## What needs to be done
Through the end of the data below, output every line exactly, beginning with the line that contains "2018 NISSAN MURANO SV photo 13".

[Records from a collection]
┄┄┄┄┄┄

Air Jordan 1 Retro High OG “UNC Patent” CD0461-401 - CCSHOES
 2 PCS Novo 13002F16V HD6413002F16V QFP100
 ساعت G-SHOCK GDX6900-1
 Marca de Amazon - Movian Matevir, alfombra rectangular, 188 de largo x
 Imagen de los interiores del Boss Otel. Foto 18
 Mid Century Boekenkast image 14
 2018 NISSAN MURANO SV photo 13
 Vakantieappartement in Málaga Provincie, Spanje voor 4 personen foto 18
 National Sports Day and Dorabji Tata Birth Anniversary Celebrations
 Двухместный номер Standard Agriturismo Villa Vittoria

┄┄┄┄┄┄

## Result of the task
 2018 NISSAN MURANO SV photo 13
 Vakantieappartement in Málaga Provincie, Spanje voor 4 personen foto 18
 National Sports Day and Dorabji Tata Birth Anniversary Celebrations
 Двухместный номер Standard Agriturismo Villa Vittoria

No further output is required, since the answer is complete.